TO DO:
Set down without change every line from the line that contains "#Дубакчеллендж, русские выходят" through the end of the listing, and only those lines. No pictures.

COLLECTED MATERIAL: Begin

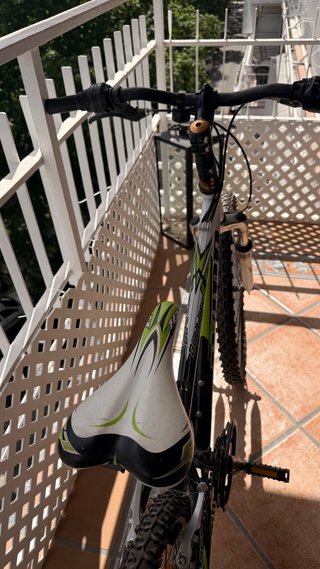 Bicicleta Boulder MTB HARD TAIL.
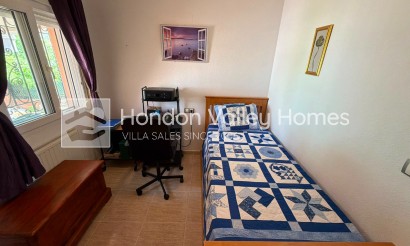 Rynek wtórny - Detached Villa - Montesinos - La Herrada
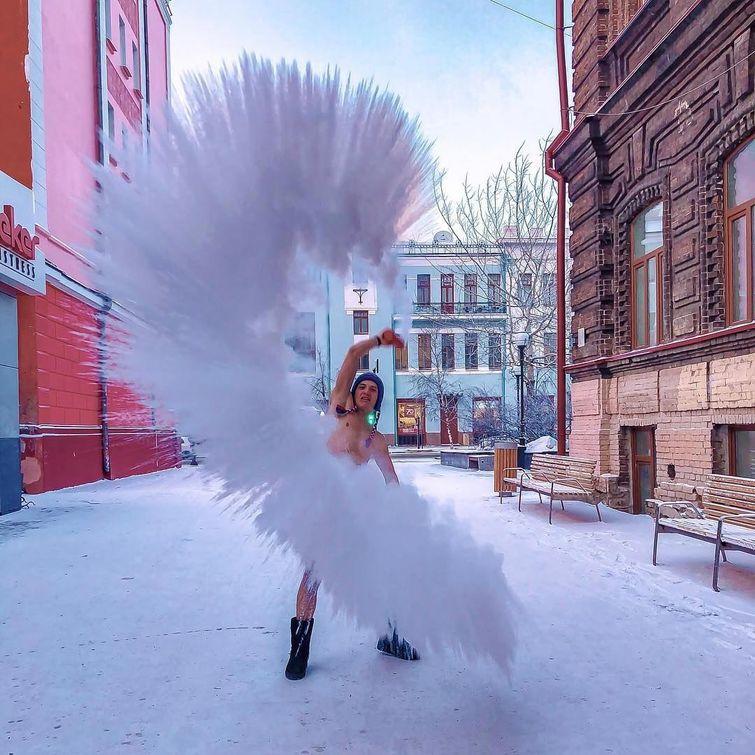 #Дубакчеллендж, русские выходят на улицу в лютый мороз делая эпичные фотографии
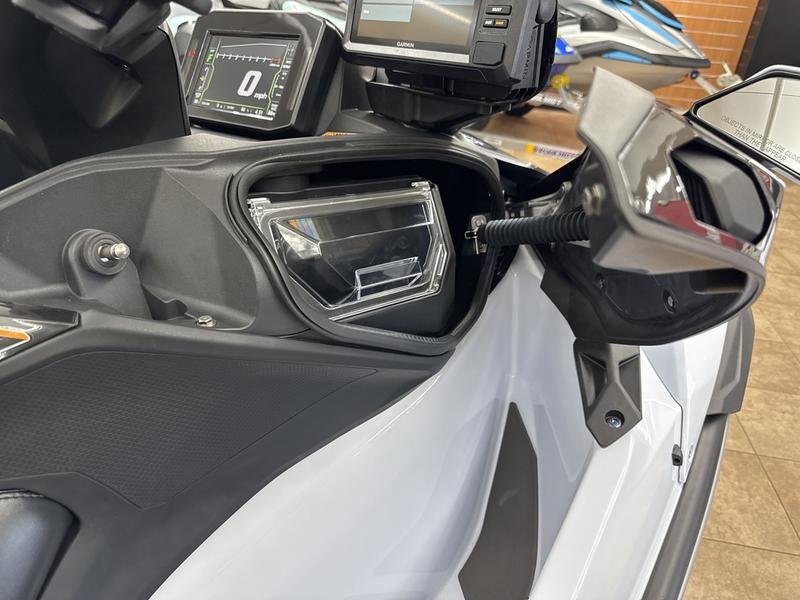 804C7B79-68AF-4B17-9CB9-466AFE2BAA4E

COLLECTED MATERIAL: End

REPLY:
 #Дубакчеллендж, русские выходят на улицу в лютый мороз делая эпичные фотографии
 804C7B79-68AF-4B17-9CB9-466AFE2BAA4E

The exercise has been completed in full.